My fav Star Wars movie is definitely The Empire Strikes Back for a lot of reasons, including a very epic -although cliffhanger-y- final for every main character in the saga. The infamous “No, I am your father” sentence between Luke and Vader has become legendary by now, and it certainly helps action that he had his hand cleanly cut by a light saber not a minute earlier. One would have thought that Luke’s career as a swordman was over, but, hey, it is the future after all! Just before the end credits, he’s already flexing a bionic one.
Whereas this was science fiction back in the 80s, at the moment prosthetics are improving fast. Whereas the most one could expect 30 years ago was a rigid plastic looking hand, at the moment technology is searching for features like artificial realistic-looking skin, providing mobility to every piece of the hand and, in extreme, brain control of the prosthetic.
The main challenges of bionic limbs are precision tasks that need to be carrier with very specific force and finger positioning. Particularly, gripping is not easy for a robotic hand, because an excess of force will break or damage whatever we are trying to catch, whereas we won’t be able to grab it if we don’t use enough force. Of course, the solution to the problem is feedback: we start gripping with a reasonable strength and increase it gradually depending on the force we perceive in the fingers. In fact, this problem has been solved for surgery robots, which can now press a knife against skin with just enough force not to pierce it or cut a watermelon in half if they want to.

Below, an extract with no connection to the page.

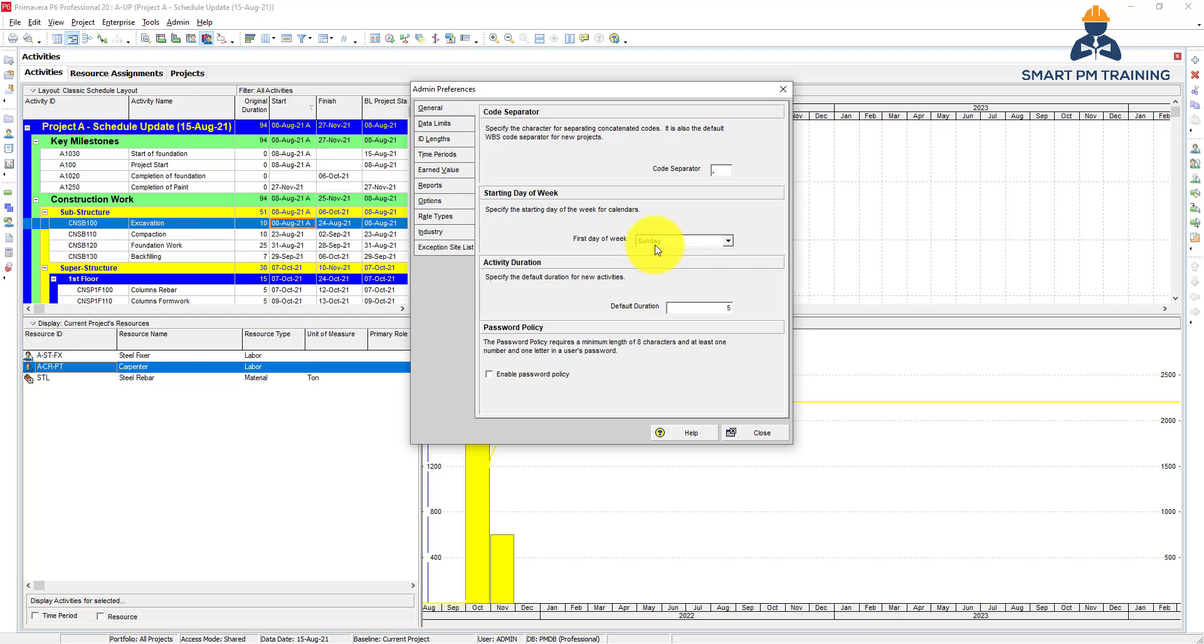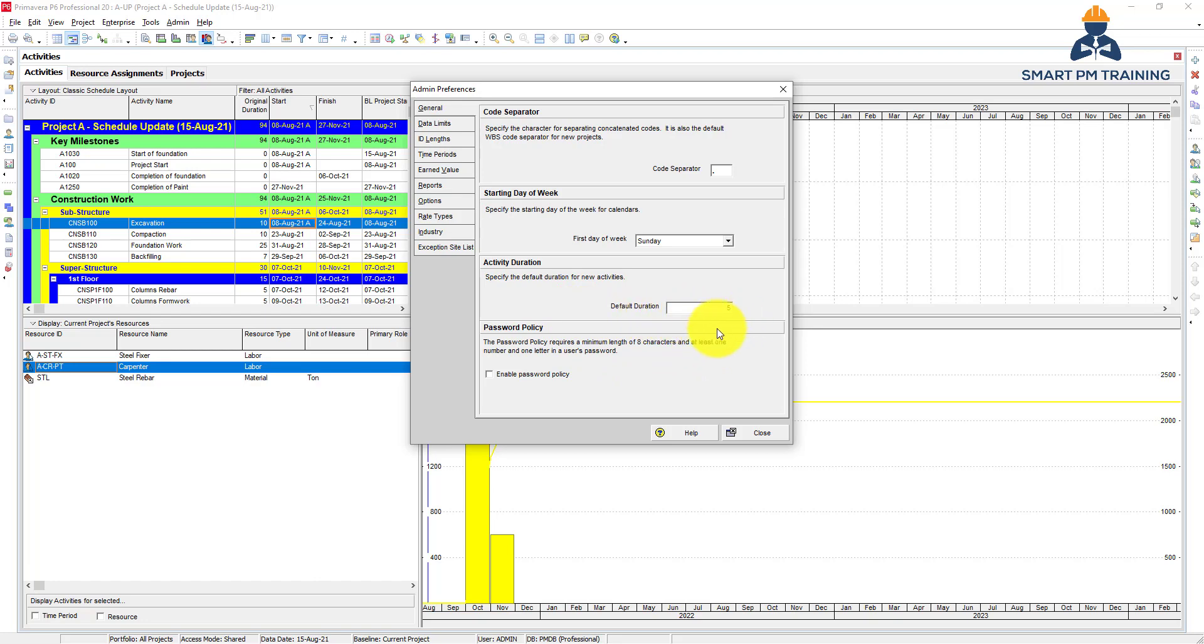Activity duration - what is the default duration when you insert a new activity? It's five days by default. You will probably change that later, but it is just the default duration. And this is password policy, so just in case you want to enable password policy.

Most commercial devices, like i-limb ultra prosthetic hand from Touch Bionics, are operated by behavior based software: they offers a range of preprogrammed skills to assist in daily tasks that the user can select on a need basis.

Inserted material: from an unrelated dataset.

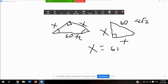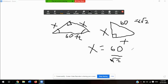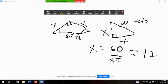Using a calculator, divide 60 by the square root of 2. The problem asks to round to the nearest foot, so x is approximately 42 feet. That's the solution for the 45-45-90 roof problem.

The idea is quite simple. Each time we decide to perform some task with our hand, some neurons in our brain are triggered and our arm muscles release some electric impulses. The first input can be captured via Brain Computer Interfaces, whereas the second can be captured via electromyography, i.e. electrodes inserted in our limbs. Since captured patterns are very similar if we want to perform the same movement, if we capture enough of these patterns, at some point we’ll be able to split them into clusters depending on the action we want to perform and, hence, command an artificial hand to actually do it for us. The hand is controlled by a microcontroller that receives the action to be performed and decomposes it in the sequence of commands to the different motors of the hand required to accomplish the desired action. These sequences are pre-recorded in the microcontroller and it just needs to adjust their parameters to the environment: feedback from any force sensor in the hand is used to control how much we close the finger, how much strength we apply, etc.
There are other commercial prosthetics already in the market, like Bebionics‘ arm. It has several buttons for behavior selection, but if you follow the video for a while, you’ll check how it obeys electric impulses from the muscles in the arm (myoelectric impulses) and, after calibration, it allows precision tasks like tying up shoe laces.